▶ **Task inputs**:
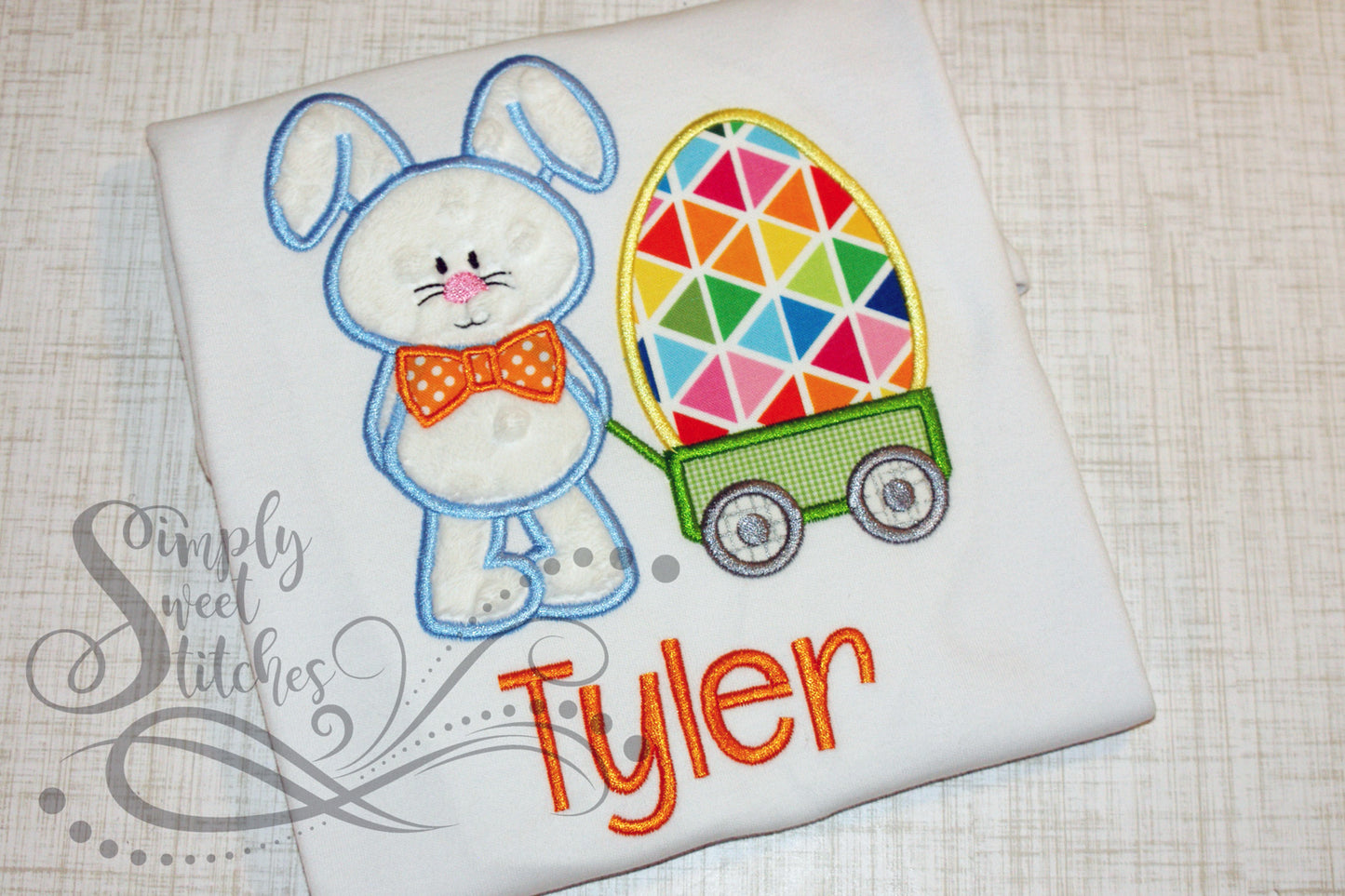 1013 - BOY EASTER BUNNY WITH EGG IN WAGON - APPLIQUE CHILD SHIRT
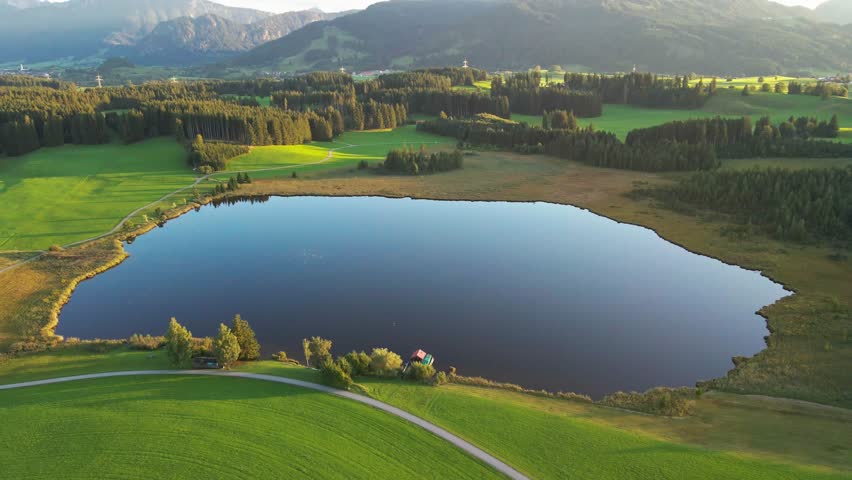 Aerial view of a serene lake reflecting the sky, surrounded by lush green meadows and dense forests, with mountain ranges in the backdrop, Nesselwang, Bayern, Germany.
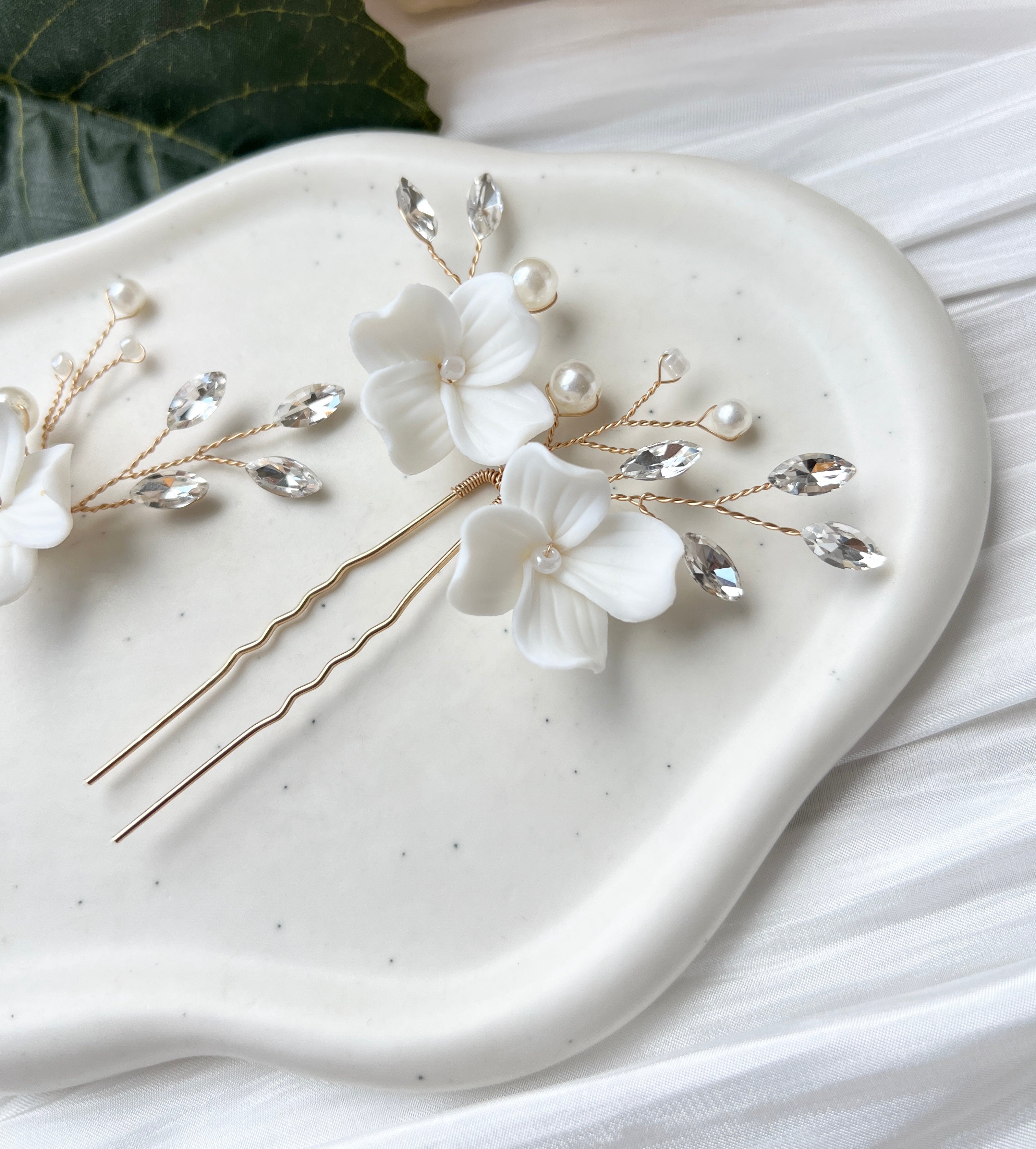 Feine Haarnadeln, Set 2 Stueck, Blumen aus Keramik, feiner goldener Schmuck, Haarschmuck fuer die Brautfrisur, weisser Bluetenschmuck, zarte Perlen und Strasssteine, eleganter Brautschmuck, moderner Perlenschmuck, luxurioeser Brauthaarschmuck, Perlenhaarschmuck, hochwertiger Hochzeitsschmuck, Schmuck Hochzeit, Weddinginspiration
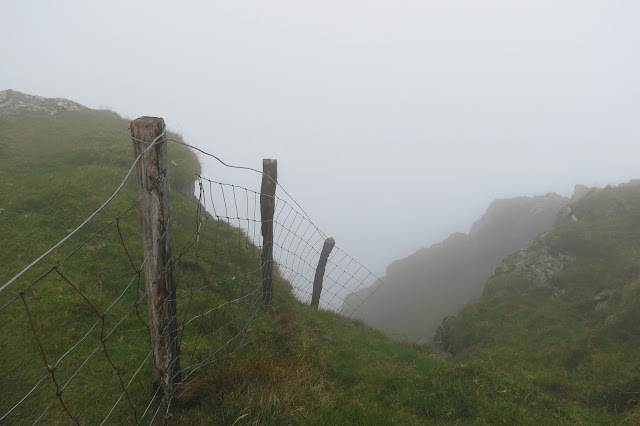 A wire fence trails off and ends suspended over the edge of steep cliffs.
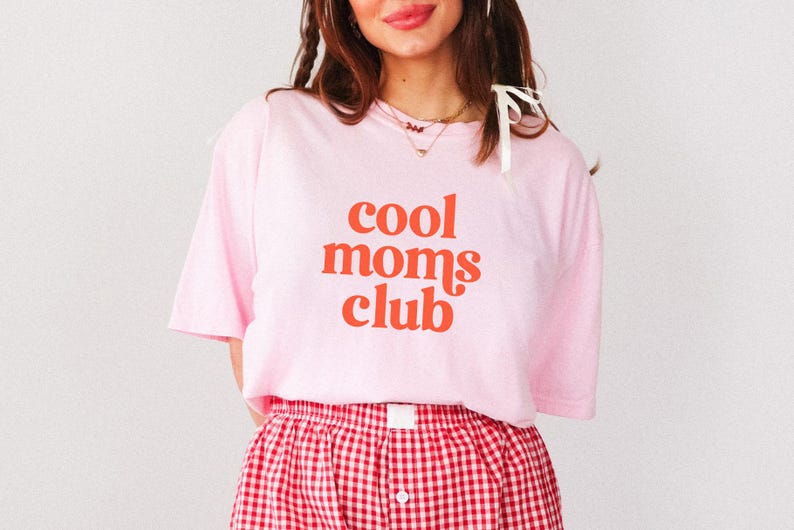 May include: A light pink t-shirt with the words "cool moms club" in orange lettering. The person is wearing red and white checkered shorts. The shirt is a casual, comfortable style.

▶ **Exercise**: From the first line to the last, retype the entries above exactly, minus the pictures.

▶ **Task response**:
 1013 - BOY EASTER BUNNY WITH EGG IN WAGON - APPLIQUE CHILD SHIRT
 Aerial view of a serene lake reflecting the sky, surrounded by lush green meadows and dense forests, with mountain ranges in the backdrop, Nesselwang, Bayern, Germany.
 Feine Haarnadeln, Set 2 Stueck, Blumen aus Keramik, feiner goldener Schmuck, Haarschmuck fuer die Brautfrisur, weisser Bluetenschmuck, zarte Perlen und Strasssteine, eleganter Brautschmuck, moderner Perlenschmuck, luxurioeser Brauthaarschmuck, Perlenhaarschmuck, hochwertiger Hochzeitsschmuck, Schmuck Hochzeit, Weddinginspiration
 A wire fence trails off and ends suspended over the edge of steep cliffs.
 May include: A light pink t-shirt with the words "cool moms club" in orange lettering. The person is wearing red and white checkered shorts. The shirt is a casual, comfortable style.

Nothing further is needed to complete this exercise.